Son dönemde finans piyasalarında ilgiyle takip edilen veriler arasında, Kredi Teminatını Gösteren Swaplar (CDS) önemli bir yer tutuyor. Son beş yılda gözlemlenen bu düşüş, yatırımcılar ve finans analistleri arasında sıkça konuşulmaya başlandı. Peki, yıllar içinde neden bir düşüş yaşandı? CDS'lerin bu noktaya gelmesinin arkasındaki sebepler neler? Sonuçları piyasalara nasıl yansıyacak? Bu yazıda detaylı bir analiz sunacağız.
CDS'ler, bir borçlunun yükümlülüklerini yerine getirmemesi durumunda, alacaklıya ödeme yapan bir tür sigorta sözleşmesidir. Bu finansal araçların en önemli işlevlerinden biri, borçlanma riskinin fiyatını belirleyerek yatırımcılara piyasalardaki riskleri anlamalarında yardımcı olmaktır. Dolayısıyla, CDS fiyatları düştüğünde, bu durum genellikle piyasaların daha az riskli bir hale geldiğini ve borçlu ülkelerin veya şirketlerin iflas riskinin azaldığını gösterir. Ancak son yıllarda CDS'lerde gözlemlenen bu düşüş, birçok değişkeni de beraberinde getiriyor.
2018 yılının başından itibaren CDS'lerde belirgin bir düşüş gözlemlendi. Bu süreçte küresel ekonomik durum, döviz kurları, merkez bankalarının para politikaları ve jeopolitik gelişmeler gibi birçok etken rol oynadı. Öncelikle, 2020 yılında başlayan Covid-19 pandemisi sonrası alınan tedbirler, merkez bankalarının piyasalara sağladığı likidite ile birleşince, olsa olsa bir güven ortamı oluşturdu ve bu durum CDS'lerin fiyatlarını aşağı çekti. Ekonomik canlanma belirtilerinin ardından yatırımcılar daha büyük riskleri almaya istekli hale geldi.
Ayrıca, 2021 ve 2022 yıllarında yaşanan mali teşvikler, birçok sektörün toparlanmasına yardımcı oldu ve bu durum ülkelerin borçlanma maliyetlerini düşürdü. Yüksek enflasyon ve faiz oranlarının artış göstermesiyle birlikte, yatırımcılar daha güvenilir varlıklara yöneldi. Bu yönelim, ilk başta CDS'lerin fiyatlarında düşüşe neden oldu.

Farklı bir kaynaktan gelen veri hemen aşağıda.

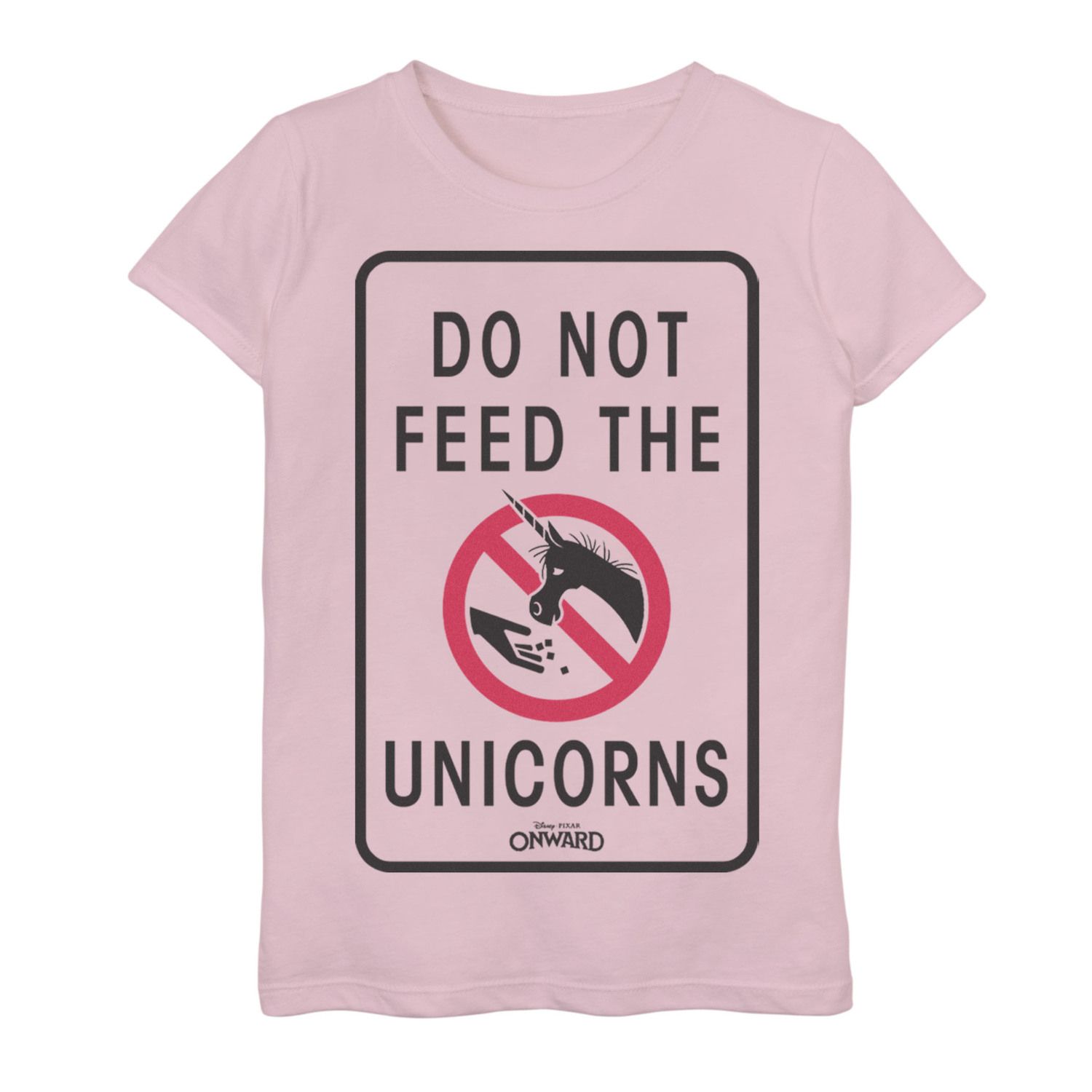 Image for Disney / Pixar Onward Girls 7-16 Do Not Feed The Unicorns Sign Graphic Tee at Kohl's.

Yatırımcılar, korona sonrası dönemde yenilikçi teknolojilere ve sürdürülebilir enerji sektörlerine de odaklandıkça, CDS'lere olan talep azalınca fiyatlar geriledi. Öte yandan, başta ABD olmak üzere, birçok ülkenin güçlü ekonomik toparlanma süreci de yatırımcı algısını olumlu bir şekilde etkiledi. Tüm bu faktörler, CDS'lerin son beş yıldaki dip seviyelere inmesinde etkili oldu.

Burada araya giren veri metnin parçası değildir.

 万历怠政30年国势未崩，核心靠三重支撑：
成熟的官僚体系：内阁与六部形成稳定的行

CDS'lerdeki bu düşüş, piyasalara birçok olumlu etki sağlasa da, bazı riskleri de beraberinde getiriyor. Özellikle, CDS fiyatlarının bu kadar düşmesi, bazı yatırımcılar için güven ortamının sağlandığı algısını güçlendirirken, diğer yandan, piyasalardaki aşırı iyimserliğin bir balon yaratabileceği endişesini de doğuruyor. Yatırımcılar, güvenli liman olarak gördükleri varlıklara yönelmeye devam ederse, riskli varlıkların değer kaybetmesi olasılığı artabilir.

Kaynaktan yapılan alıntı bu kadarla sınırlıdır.